Phase 06: Rebalance per-channel ring-buffer split by expected traffic¶
Prompt¶
Before answering questions or making design decisions in this
document, read the relevant ryll source. Key files:
ryll/src/bugreport.rs:80-173 (the TrafficRingBuffer
implementation — VecDeque<TrafficEntry> with a byte cap and
FIFO eviction), ryll/src/bugreport.rs:175-181 (the current
PER_CHANNEL_BYTES = 50 MB / 6 even split and the CHANNELS
name list), ryll/src/bugreport.rs:185-226 (the
TrafficBuffers struct that owns one Mutex<TrafficRingBuffer>
per channel and the buffer_for(channel) dispatch).
Cross-reference the master plan's Open Question 1 resolution
at docs/plans/PLAN-session-001-feedback.md:75-120 for the
quantified traffic profile observed in session-001
(~2 MB/s typical, 6 MB/s peak on display vs. effectively-
infinite retention on the low-bandwidth channels) and the
"Future work" note at :225-232 that explicitly defers
dynamic sizing to a later master plan.
This phase rebalances the 50 MB total ring-buffer budget across ryll's six tracked channels so the bytes flow to the channel that consumes them. The master plan classifies this as small but load-bearing for the F2 always-fileable notification UX laid out in Phase 10: the snapshot-at-fire window for video-lag complaints is bounded by display ring retention.
Situation¶
What we already established¶
The ring buffer is byte-capped, evenly split. Each of
the six tracked channels (main, display, inputs,
cursor, usbredir, playback) gets exactly
50 MB / 6 ≈ 8.33 MB. Eviction is FIFO when the byte total
exceeds the per-channel cap (bugreport.rs:112-118). The
6-way split is hard-coded in PER_CHANNEL_BYTES and used
identically in each TrafficRingBuffer::new() call at
bugreport.rs:200-205.
Display starves; everyone else hoards. From session-001
B2's bandwidth_history, display sustains 2 MB/s during
typical interactive use and bursts to ~6 MB/s during video
playback. An 8.33 MB cap holds roughly:
| Channel | Approx rate (session-001) | Coverage at current 8.33 MB cap |
|---|---|---|
| display | 2 MB/s typical, 6 MB/s peak | ~1.5–4 seconds |
| playback | 16–64 KB/s stereo audio | ~2–8 minutes |
| cursor | 1–50 KB/s mouse traces | many minutes |
| main | < 1 KB/s PING/PONG + clipboard | hours |
| inputs | ~100 B/s mouse + keys | hours |
| usbredir | bursty: ~0 KB/s idle, ~50 MB/s during mass-storage transfer | idle: ∞; active: ~0.17 s |
The display window is the binding constraint on the F2 notification-snapshot UX. Phase 10 will plumb "snapshot at fire" against this ring buffer; if it holds only 1.5 s of display history, a user complaining about a video stutter ten seconds ago has nothing useful in the report.
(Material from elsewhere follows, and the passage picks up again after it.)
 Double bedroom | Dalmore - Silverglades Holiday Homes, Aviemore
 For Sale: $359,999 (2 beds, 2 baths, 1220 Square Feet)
usbredir is unrescuable. Active USB transfers can hit
50 MB/s. No realistic per-channel cap can capture more than
a fraction of a second of an in-flight transfer. The
rebalance can only meaningfully help when usbredir is idle —
which is most of the session, most of the time. The
practical floor for usbredir is "enough bytes that an idle
usbredir's session-long control traffic fits" — a few MB.
webdav is missing from the ring buffer entirely.
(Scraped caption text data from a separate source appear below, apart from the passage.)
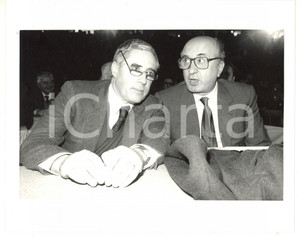 1985 ca POLITICA - DC Ciriaco DE MITA con Franco MARINI durante conferenza *Foto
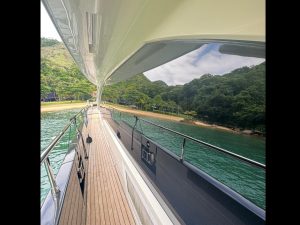 Azimut 100 F Grande www.mareconsult.com (14)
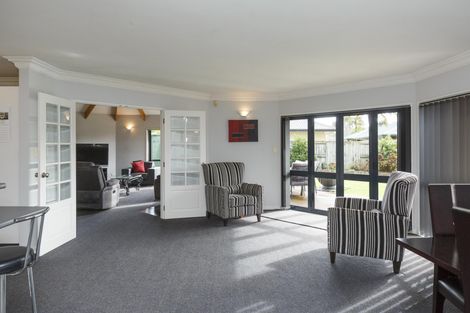 Photo of property in 82 Amberley Avenue, Highbury, Palmerston North, 4412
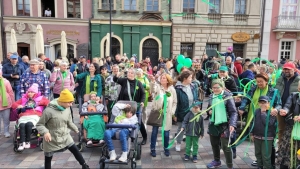 Zielony korowód przeszedł przez Stary Rynek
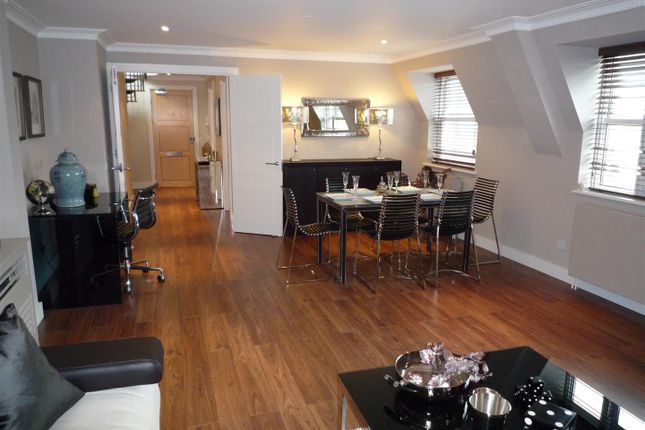 Boydell Court, 1010, St Johns Wood Park, St Johns Wood photo 2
buffer_for(channel) at bugreport.rs:216-225 has no
"webdav" arm, and the CHANNELS list at :179-181 has
six entries. The webdav channel never records traffic to a
ring buffer at all. This is a separate gap; see "Out of
scope" below for the rationale on deferring it.
What we don't yet know¶
The peak rate ryll actually sustains under modern guest workloads (e.g. 4K screen sharing, high-fps video conferencing). session-001's profile is from a Linux guest at moderate resolutions and is treated here as a representative-rather-than-extreme baseline. The rebalance below is sized against it; if session-002 shows display peaking notably higher, we should revisit. Dynamic / system- memory-aware sizing is the eventual answer (master plan's "Future work" item) but disproportionate for this phase.
Mission and problem statement¶
Reallocate the existing 50 MB ring-buffer budget across the six tracked channels so that:
- The display channel holds at least 5 s of peak traffic (≥ 30 MB at 6 MB/s) or 15 s of typical (≥ 30 MB at 2 MB/s) — whichever bounds is hit first.
- Low-rate channels (main, inputs) drop below 8.33 MB without losing useful history depth (still many minutes, which is well beyond any realistic notification or disconnect window).
- The total remains 50 MB — no budget growth in this phase (dynamic sizing is explicitly out of scope per master plan).
- The eviction policy (FIFO byte-cap) stays as-is.
The phase succeeds when:
- A Phase 10–shaped notification-snapshot pcap from a busy display session contains noticeably more pre-fire display history than the same scenario captured today.
- No regression in low-rate channels — their snapshot pcaps cover the same wall-time history they always did (in practice, the entire session, since their traffic is far below the new caps).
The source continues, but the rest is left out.